BELT — Most people dream of spending all summer traveling across the country with their family. PRCA rodeo clown JJ Harrison lives that dream thanks to a few jokes and a little bit of makeup.
For three hours every night, Harrison pours everything he has into keeping crowds entertained and keeping cowboys safe.
“My job is not to be the show, you got to be like salt,” Harrison explained before kicking off the Montana circuit in Belt. “A little bit of you and you make it better, too much of you and they’re going to have to throw it out.”
And Harrison has found the perfect recipe, weaving laughs and engagement into his performances.
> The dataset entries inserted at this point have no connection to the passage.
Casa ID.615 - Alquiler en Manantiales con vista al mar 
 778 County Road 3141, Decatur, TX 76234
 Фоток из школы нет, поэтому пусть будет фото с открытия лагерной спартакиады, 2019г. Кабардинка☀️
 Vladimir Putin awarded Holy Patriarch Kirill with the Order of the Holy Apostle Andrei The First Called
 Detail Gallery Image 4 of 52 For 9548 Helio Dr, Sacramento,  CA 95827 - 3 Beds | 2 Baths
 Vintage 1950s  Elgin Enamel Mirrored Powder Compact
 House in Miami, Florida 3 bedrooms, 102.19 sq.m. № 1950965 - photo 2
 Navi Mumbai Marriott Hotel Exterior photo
It’s earned him the reputation as one of the top entertainers in pro rodeo, with appointments at the NFR and several other major rodeos.
“What set in with me was when my act that I was trying to do would fall apart, I would just ad lib and that’s where I just realized that this is my forte,” Harrison said. “Ad lib comedy is better for me, make it relevant to the crowd, I’ve had a lot of success with that.”
But when the performance wraps up and the last trailer leaves the arena, the work continues for Harrison. He shifts from entertainer to dad, keeping his family of six entertained.
Harrison’s 11-year-old son Huck has been traveling with him to rodeos for years. In February, Harrison married his wife Bailey and they added her three kids — Trey, Ava and Trevor — to the traveling troupe accompanying him to rodeos all across the country. It’s an unorthodox lifestyle, but it’s one Harrison says all of the kids love.
“Anybody that travels for a living will tell you there’s definitely positive and definitely negative. The positive is getting to travel different locations, meet different people, see different places, interact with different people,” Harrison said. “The drawbacks are it took us 11 hours to drive here.”
“It comes down to this. You could leave them home with grandma and grandpa, but they would be missing so much, and if I’m going to have this life then I want to share it with anyone who wants to be a part of it,” Harrison added.
Harrison even includes his family in his act, allowing them to dress up in costumes and join their dad interacting with the crowd. His performances are sometimes geared toward kids, and that’s no surprise. Before making the decision to pursue rodeo full time, Harrison was a middle school teacher with a graduate degree from Washington State.
But around 2008, he decided he was too much of a goofball to stay in the classroom.
“The call of rodeo is constant, it’s such a great sport and way of life that it drew me back in,” he said.
It’s a life he wouldn’t trade for anything.